• _Exercise requirements_
All that is needed is the lines from the one containing "Silver Astrolabe Charm Huggies - Ania Haie" through the end of the listing, printed exactly, with no pictures among them.

• _Extracted information_
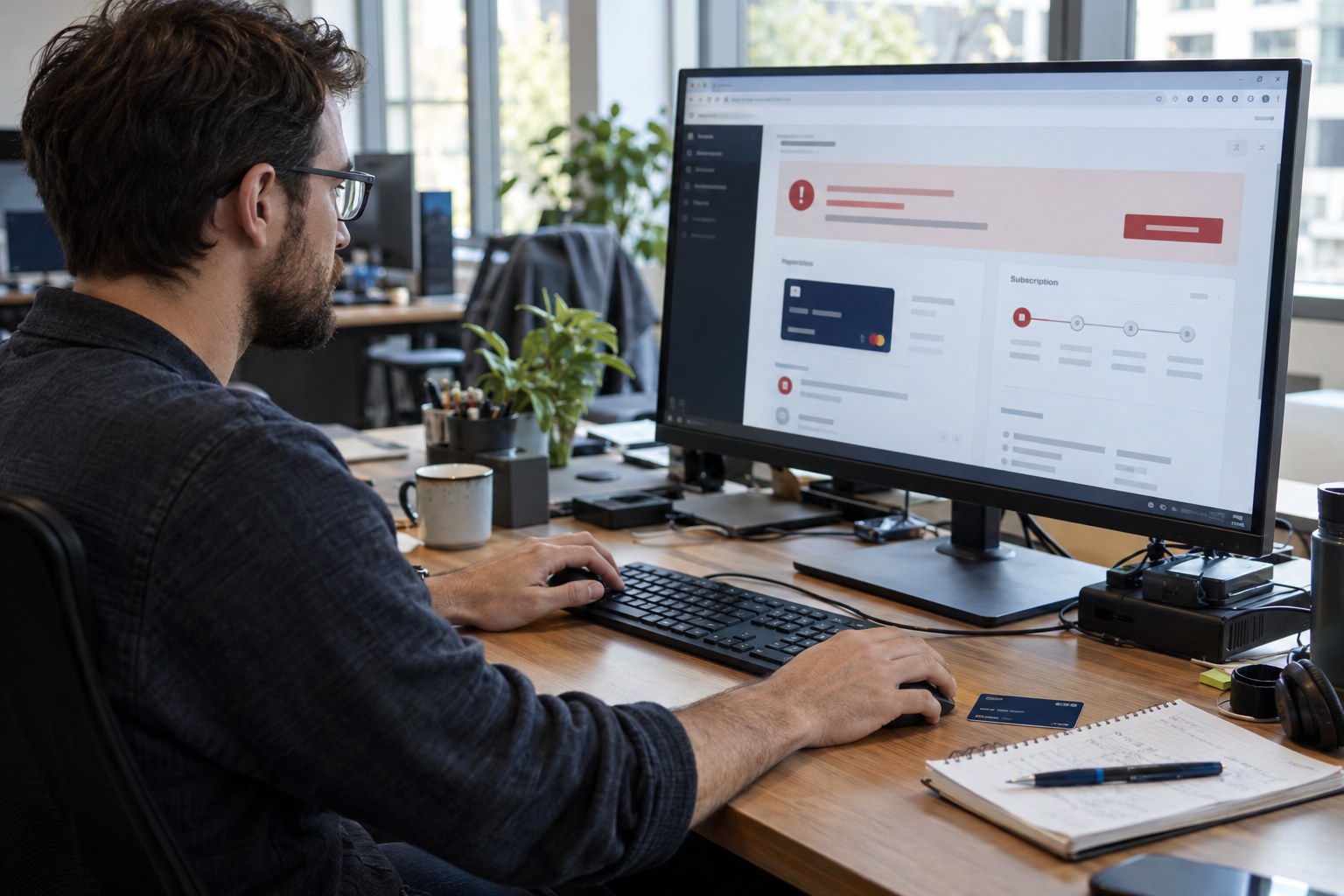 Online payment and subscription management screen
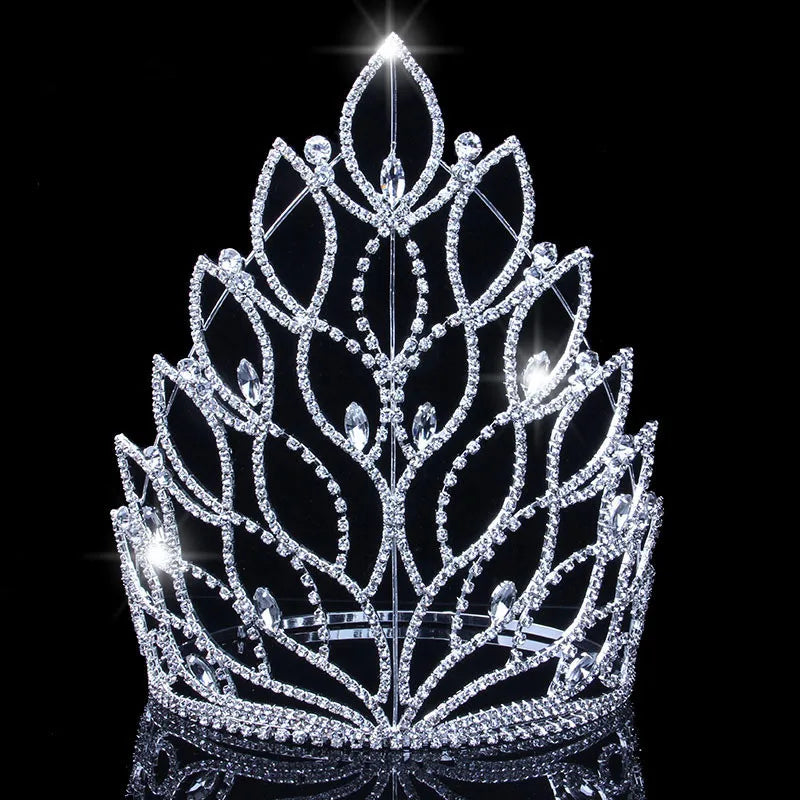 Silver Large Round Pageant Crown Rhinestone Pageant Crown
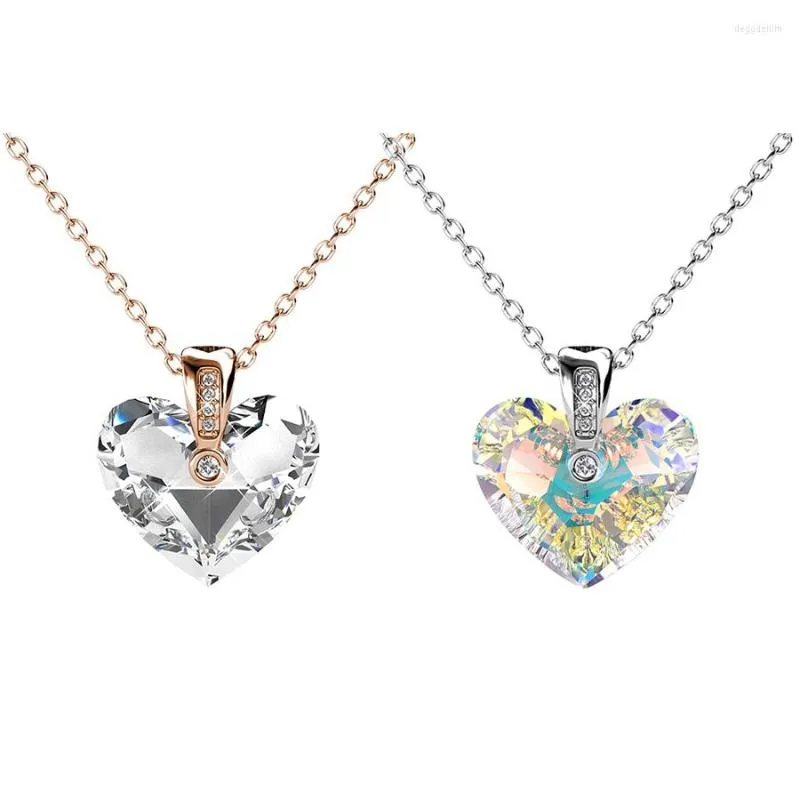 Pendant Necklaces Infinity Love Heart Necklace For Women Grandma Anniversary Crystals From Austria Silver Gold Color Romantic Jewelry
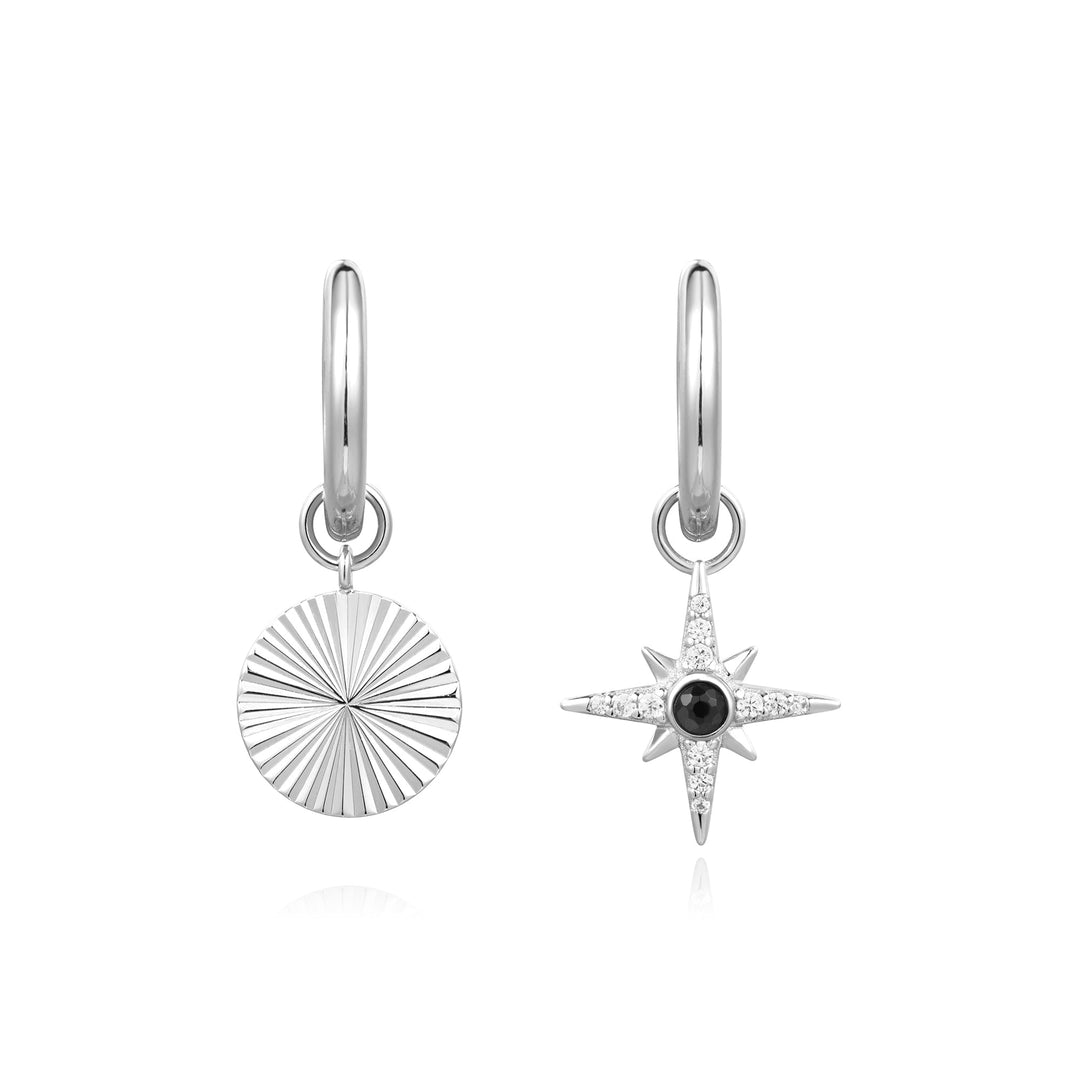 Silver Astrolabe Charm Huggies - Ania Haie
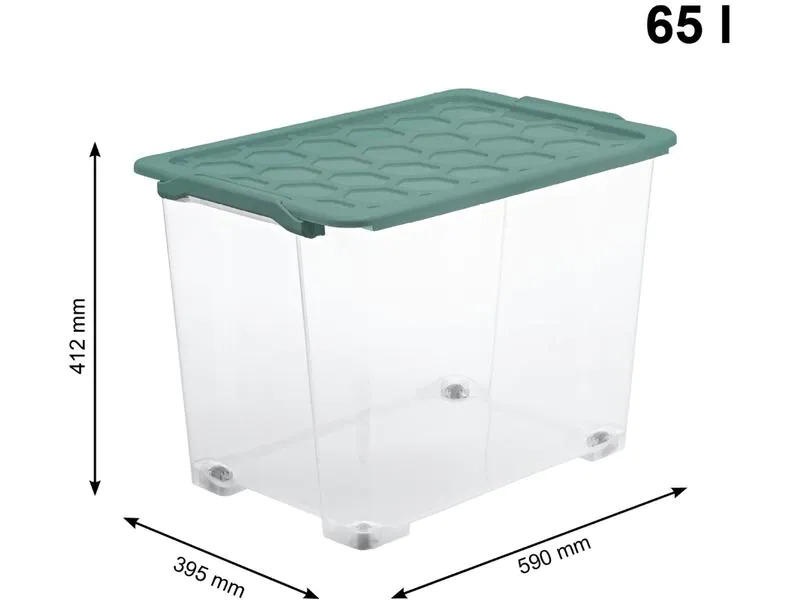 Rotho Aufbewahrungsbox Evo Safe 65 l, Grün/Transparent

• _Reply to the exercise_
 Silver Astrolabe Charm Huggies - Ania Haie
 Rotho Aufbewahrungsbox Evo Safe 65 l, Grün/Transparent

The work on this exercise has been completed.